There was a time when I didn’t get it either, way back before I had children. It was so long ago I don’t really remember what life was even like then. In fact, it was almost 28 years ago now. For every parent, there is a day when you just get it. It might be the first time you felt your unborn child move inside you. It could have been when you gave birth, or when you watched your partner give birth. It might have been the first time, as an adoptive parent, that someone handed you this young child and walked way, leaving you, just you, responsible for this small life. Maybe it was the moment you married the birth parent of your children and you realized you were saying “I do” to a whole family and the responsibilities that went with it. However you became a parent, you remember it, that moment when it all became clear.
I was only 19 years old when my son was born. His father and I thought we got it, but we didn’t, not until that moment he was born. We could hardly believe when the hospital actually let us take him home; this tiny, fragile human being. He was ours, ready or not. Every decision whether it involved feeding him, or keeping him warm, or getting him medical care, was now in our hands. Every decision we made for the rest of our lives would affect him, would shape his life and would eventually shape the lives of his sisters as well.We tried our best to make good decisions. Sometimes we fell short but everything we did, from that moment on, involved him, his life, his happiness, and his future.
It doesn’t change. No matter how old he gets. It doesn’t change. Whether he’s 7 or 27, that very same feeling of overwhelming love and responsibility never changes. I know it annoys him sometimes. I know it annoys his sisters as well. He does not understand that we are no more capable of walking away, of not caring, of not being involved in his life than we would be of deciding we no longer needed oxygen.  When you are a parent, your children are your oxygen.

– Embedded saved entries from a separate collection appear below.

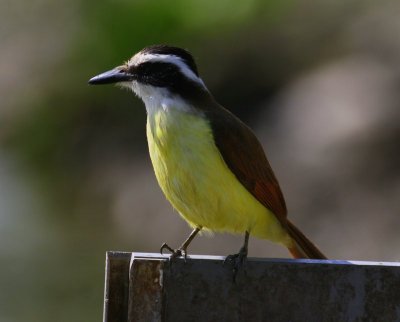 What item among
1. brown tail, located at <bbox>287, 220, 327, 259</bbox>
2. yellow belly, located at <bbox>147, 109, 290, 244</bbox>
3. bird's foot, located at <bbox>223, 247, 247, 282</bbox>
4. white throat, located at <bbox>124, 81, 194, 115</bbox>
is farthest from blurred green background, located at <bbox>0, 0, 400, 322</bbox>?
bird's foot, located at <bbox>223, 247, 247, 282</bbox>

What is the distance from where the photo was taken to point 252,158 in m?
5.94

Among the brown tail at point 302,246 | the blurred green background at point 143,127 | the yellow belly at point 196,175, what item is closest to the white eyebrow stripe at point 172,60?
the yellow belly at point 196,175

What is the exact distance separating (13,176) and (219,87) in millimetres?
2290

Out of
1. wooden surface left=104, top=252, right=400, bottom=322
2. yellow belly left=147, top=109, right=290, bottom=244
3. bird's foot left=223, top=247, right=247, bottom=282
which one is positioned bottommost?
wooden surface left=104, top=252, right=400, bottom=322

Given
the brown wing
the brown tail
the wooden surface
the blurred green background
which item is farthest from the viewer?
the blurred green background

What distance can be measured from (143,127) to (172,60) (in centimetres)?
640

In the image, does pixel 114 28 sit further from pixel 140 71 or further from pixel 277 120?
pixel 140 71

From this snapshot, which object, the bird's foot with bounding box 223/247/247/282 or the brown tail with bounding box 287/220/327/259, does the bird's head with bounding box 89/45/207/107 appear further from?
the bird's foot with bounding box 223/247/247/282

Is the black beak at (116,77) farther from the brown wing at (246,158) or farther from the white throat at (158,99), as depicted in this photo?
the brown wing at (246,158)

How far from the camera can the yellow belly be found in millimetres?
5668

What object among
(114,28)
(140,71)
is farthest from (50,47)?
(140,71)

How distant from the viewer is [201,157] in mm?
5695

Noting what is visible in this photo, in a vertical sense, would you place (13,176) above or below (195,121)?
above

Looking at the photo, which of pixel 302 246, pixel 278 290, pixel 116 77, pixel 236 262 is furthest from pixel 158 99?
pixel 278 290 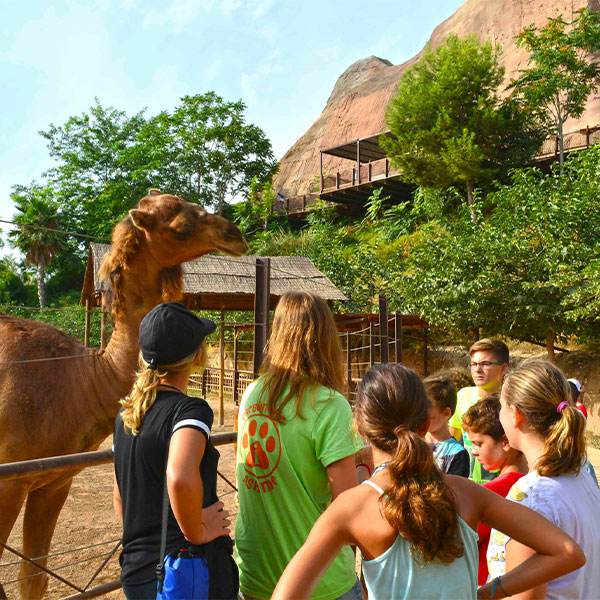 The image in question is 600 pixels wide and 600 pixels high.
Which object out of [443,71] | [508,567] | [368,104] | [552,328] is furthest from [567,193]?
[368,104]

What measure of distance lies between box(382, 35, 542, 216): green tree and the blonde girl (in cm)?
2152

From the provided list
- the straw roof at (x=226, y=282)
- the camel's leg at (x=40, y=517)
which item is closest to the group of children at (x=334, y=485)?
the camel's leg at (x=40, y=517)

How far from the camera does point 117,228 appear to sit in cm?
381

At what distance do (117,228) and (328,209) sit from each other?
27079mm

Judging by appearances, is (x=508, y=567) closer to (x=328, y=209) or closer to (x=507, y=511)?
(x=507, y=511)

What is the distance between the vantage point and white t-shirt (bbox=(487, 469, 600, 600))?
1.70 meters

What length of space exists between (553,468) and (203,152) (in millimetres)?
30240

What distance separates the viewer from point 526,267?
1378cm

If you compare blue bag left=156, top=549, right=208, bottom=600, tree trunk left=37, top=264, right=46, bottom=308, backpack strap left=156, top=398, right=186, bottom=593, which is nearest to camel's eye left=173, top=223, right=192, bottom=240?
backpack strap left=156, top=398, right=186, bottom=593

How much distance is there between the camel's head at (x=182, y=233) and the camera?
3.68 m

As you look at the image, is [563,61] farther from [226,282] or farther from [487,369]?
[487,369]

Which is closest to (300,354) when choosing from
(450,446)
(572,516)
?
(572,516)

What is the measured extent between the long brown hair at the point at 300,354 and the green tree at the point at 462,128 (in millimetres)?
21462

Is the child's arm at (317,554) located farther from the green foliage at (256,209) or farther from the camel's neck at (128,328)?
the green foliage at (256,209)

Even when they are adults you still hold your breath the way you did when they took their first steps and the way you did the first time you dropped them off at kindergarten. The difference when they get older is they are no longer under your control. You can’t make their decisions for them. You can’t pick them up and hold them and make everything better. Yet, you still hold your breath with every step they take. You hold your breath when they fall in love. You hold your breath every single time they board a plane or get in a car and take a trip. You hold your breath when they leave for college or join the military. You hold your breath and you pray and pray and pray.
I lost my breath this past weekend in that moment when the phone rang at 2:45 am and I found out my son had been in a very serious car accident. I am still struggling to catch it again. This is, after all, what parenthood is all about isn’t it? The majority of it is hard work and menial labor. There are proud moments and moments of embarrassing laughter. There are moments of unfathomable love and tremendous joy.
Occasionally there are moments of unspeakable terror. There are moments when all you can do it sit there, by their bedside in the hospital. There are moments when there is absolutely nothing you can do, or say to fix it. You can’t even explain it to them. There are simply no words.
All you can do is be there and breathe with them and know that someday, when it is their turn, they will get it. In the meantime, we rely on each other, fellow parents, all of us who are forever living with a part of our hearts on the outside of our bodies. We lean on each other when words are neither necessary nor even possible.